→ **AIM OF THE TASK**:
Without including any pictures, please copy every entry below exactly.

→ **EXTRACTED ENTRIES**:
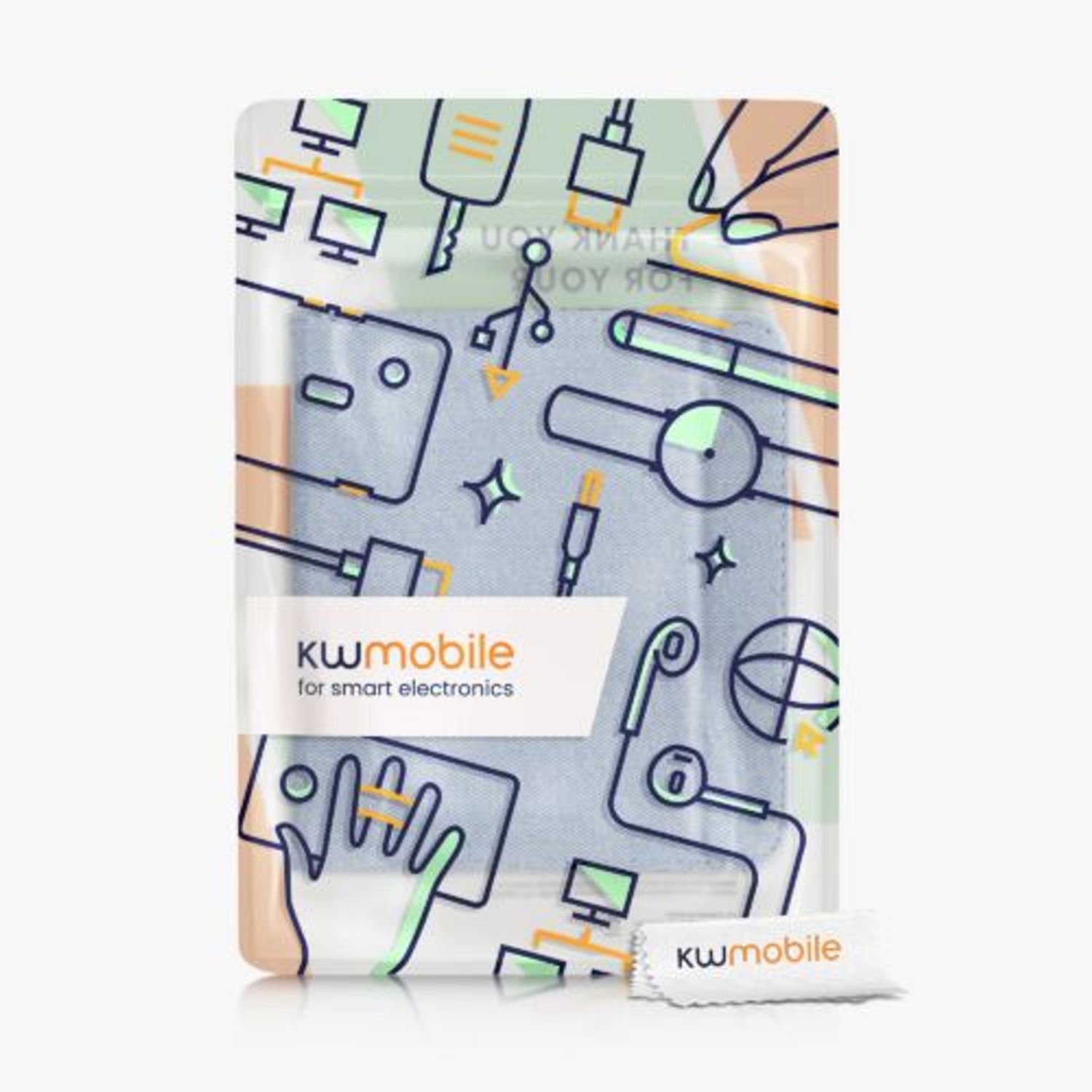 Husa pentru Tolino Vision 6, Kwmobile, Albastru, Textil, 58110.23 fotografia produsului View 8 L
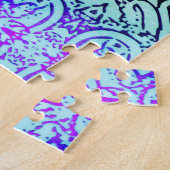 Puzzle - Abstrait aux couleurs froides (Côté)
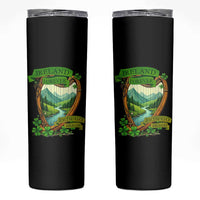 Irish Pride Skinny Tumbler Ireland Forever Erin Go Bragh Harp Shamrock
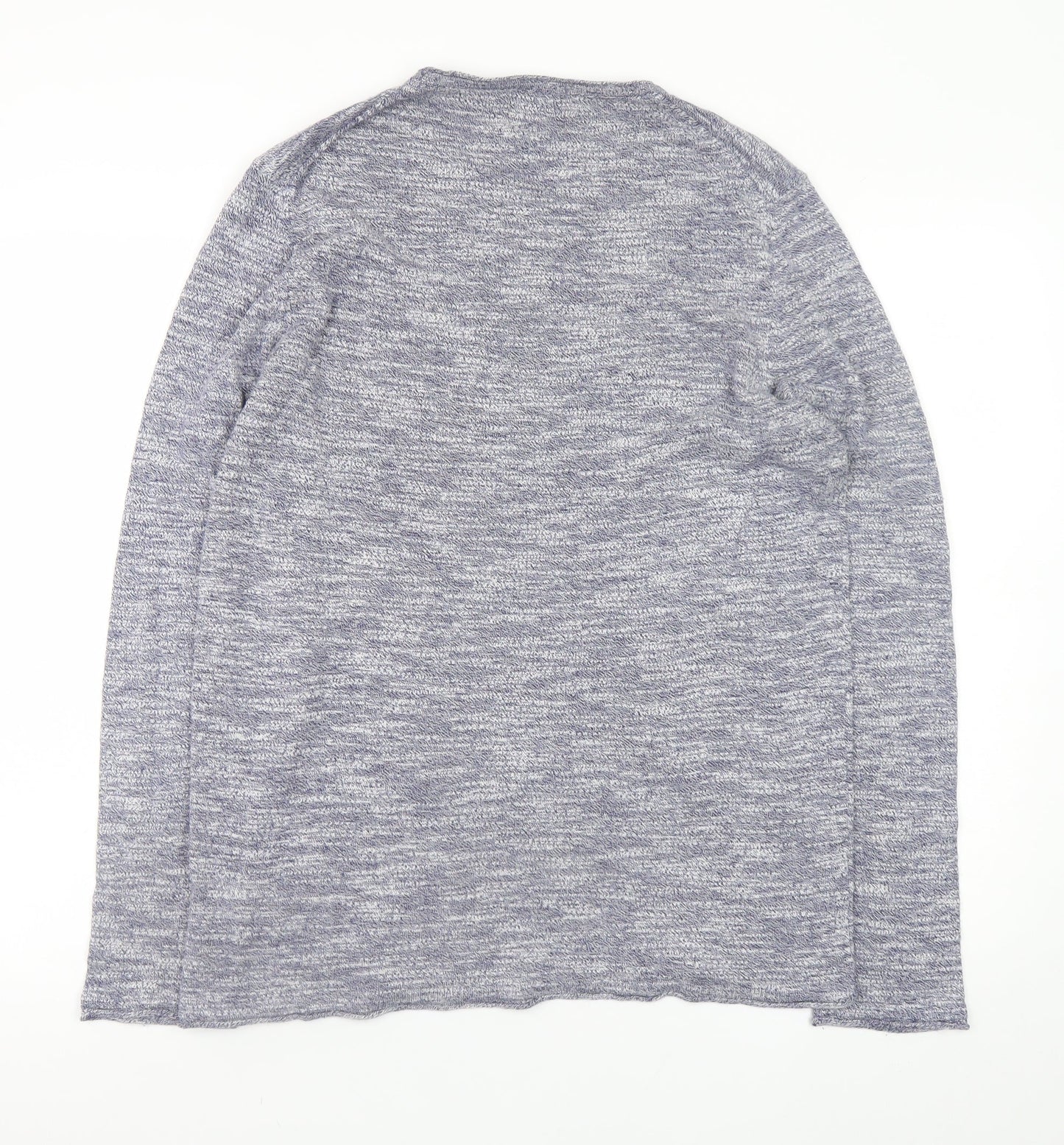 NN07 Men’s Grey Knit Cotton Blend Jumper L Crew Neck Pullover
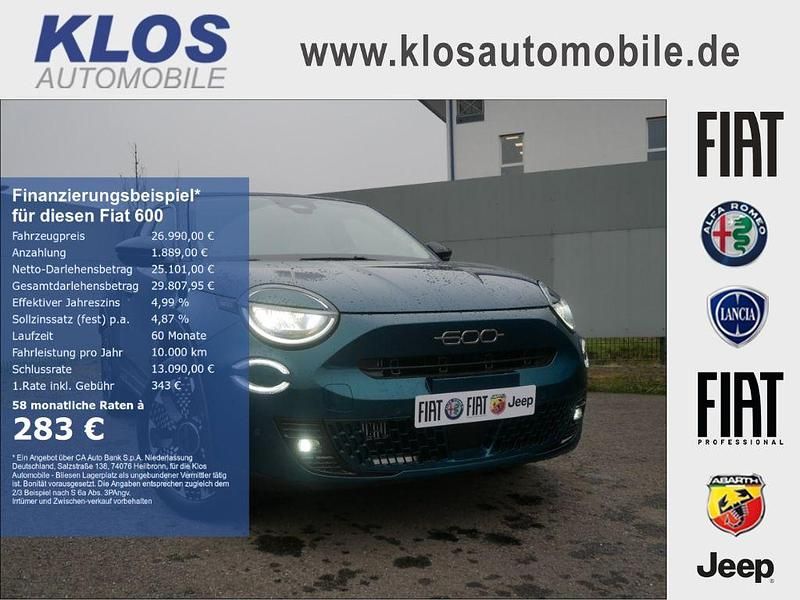 Schwarz Neu 2026 Fiat 600 La Prima SUV | 26.990 € - Bild 1/4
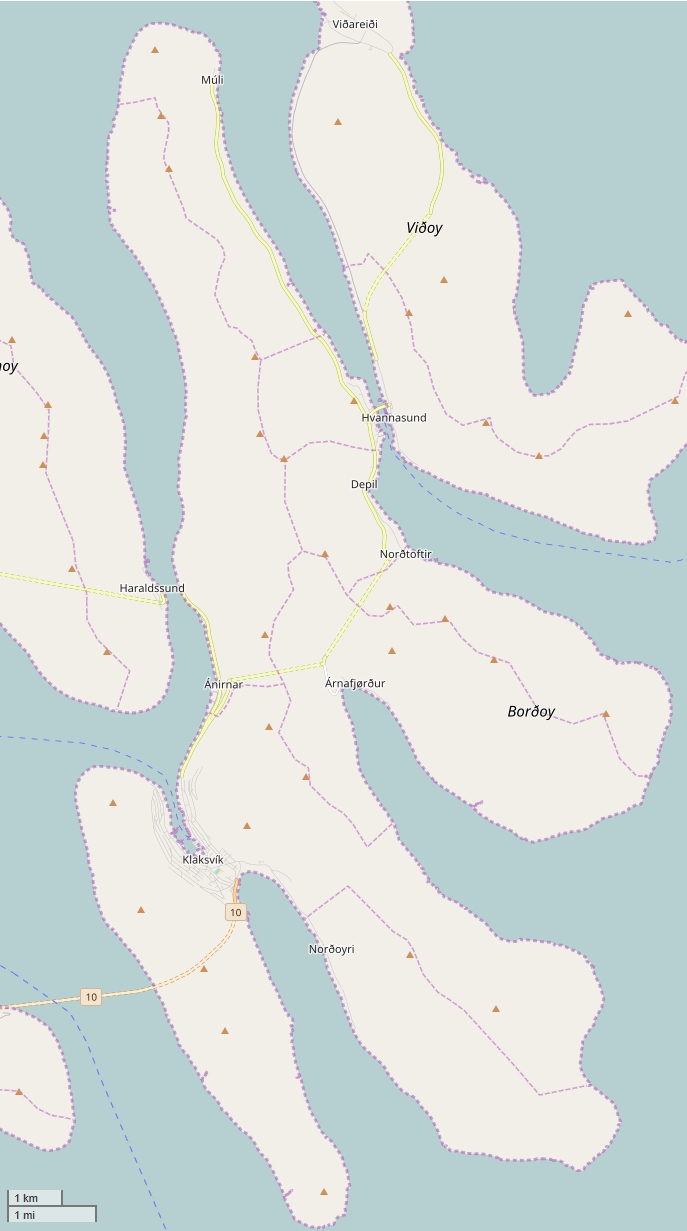 Borðoy plattegrond kaart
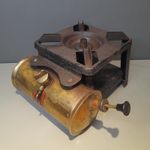 Vintage RM Brass Paraffin Camping Stove Emergency Cooking Antique Car Prop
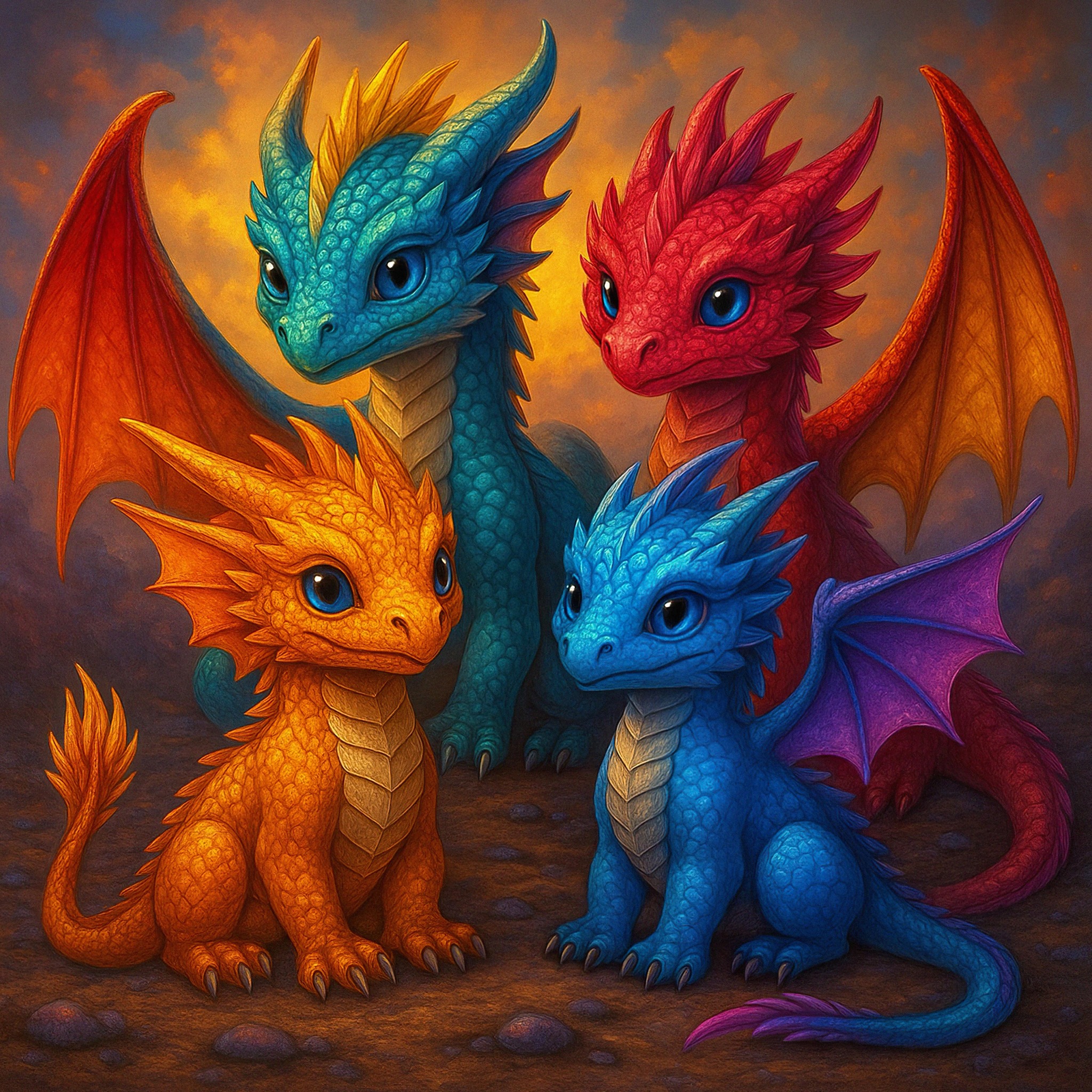 Four Dragons jigsaw puzzle by Gotiva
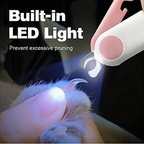 Built-in LED light on a paw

→ **WRITTEN ANSWER**:
 Husa pentru Tolino Vision 6, Kwmobile, Albastru, Textil, 58110.23 fotografia produsului View 8 L
 Puzzle - Abstrait aux couleurs froides (Côté)
 Irish Pride Skinny Tumbler Ireland Forever Erin Go Bragh Harp Shamrock
 NN07 Men’s Grey Knit Cotton Blend Jumper L Crew Neck Pullover
 Schwarz Neu 2026 Fiat 600 La Prima SUV | 26.990 € - Bild 1/4
 Borðoy plattegrond kaart
 Vintage RM Brass Paraffin Camping Stove Emergency Cooking Antique Car Prop
 Four Dragons jigsaw puzzle by Gotiva
 Built-in LED light on a paw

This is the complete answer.